The public models from the Open Model Zoo are made available in their native framework file format and must be converted to OpenVINO Intermediate Representation (IR) files before running inference.  The OpenVINO tool [`omz_convert`](../104-model-tools/104-model-tools.ipynb) is used to convert Open Model Zoo models to the IR files necessary to run inference.

> **NOTE**: For models that are downloaded from the Open Model Zoo already as IR files, the converter utility will not do any conversion and will output the message "Skipping <model_name> (no conversions defined)".

In [None]:
!omz_converter --name $OMZ_MODEL_NAME --precisions FP32 --download_dir $MODEL_DIR  --output $MODEL_DIR

## Quantize the model to INT8
For models downloaded from the Open Model Zoo, the [`omz_quantizer`](../104-model-tools/104-model-tools.ipynb) tool is used to quantize the model to a lower precision (e.g. quantize FP32 to INT8 precision).

In [None]:
def filter_omz_quantizer_output(line):
    if (line.startswith("Quantization command") or line.startswith("Moving") or line.startswith("INFO")):
        return line
    return None


cmd = f"omz_quantizer --name {OMZ_MODEL_NAME} --model_dir {MODEL_DIR}  --output {MODEL_DIR}  --dataset_dir {DATASET_DIR} --precisions FP32-INT8"
run_command_line(cmd, filter_omz_quantizer_output)

## Run the model
Now that the model has been quantized, we will run inference using both the original FP32 model and the new INT8 quantized model to see their results.  First we will run the FP32 model.

In [None]:
def run_inference(model_base_path, image_path):
    """
    runs inferrence on an image using the given model and then displays the results
    :param model_base_path: String containing path and file name of model excluding the extension (i.e. ".xml")
    :param image_path: String containing full path to the input image
    :return: none
    """
    # Load the model
    ie = IECore()

    # create the network from the model
    net = ie.read_network(
        model=f"{model_base_path}.xml", weights=f"{model_base_path}.bin"
    )
    exec_net = ie.load_network(network=net, device_name="CPU")

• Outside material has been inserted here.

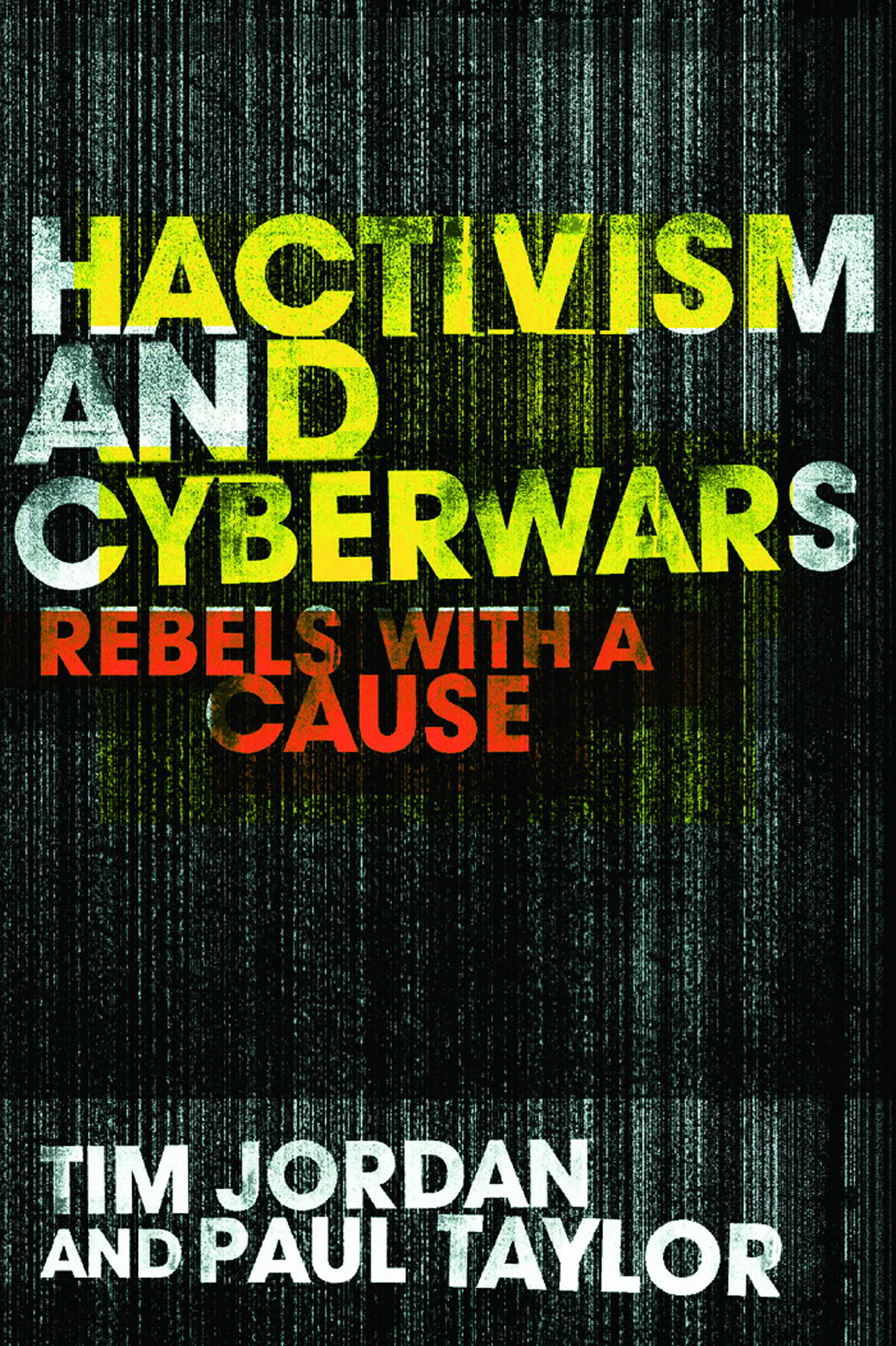 Hacktivism And Cyberwars Taylor Paul Jordan Tim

    input_key = next(iter(exec_net.input_info))
    output_key = next(iter(exec_net.outputs.keys()))

    # Load image
    image = nbutils.load_image(image_path)
    # N,C,H,W = batch size, number of channels, height, width
    N, C, H, W = exec_net.input_info[input_key].tensor_desc.dims
    # The network expects images in BGR format, same as OpenCV so just resize
    input_image = cv2.resize(src=image, dsize=(W, H))
    # reshape image to network input shape ([W,H,C]->[B,C,H,W])
    input_image = np.expand_dims(input_image.transpose(2, 0, 1), 0)
    # display original image (imshow requires RGB format, so convert BGR->RGB)
    plt.imshow(nbutils.to_rgb(image))

    # Run inference, result = [1,1001] with confidence level for each of the 1000 
    #  classes and +1 for background.  The class with the highest confidence is 
    #  used to output the final result.
    result = exec_net.infer(inputs={input_key: input_image})[output_key][0]
    label_id = np.argmax(result)
    conf = round(result[label_id] * 100, 2)
    print(f"label_id={label_id}, conf={conf} %")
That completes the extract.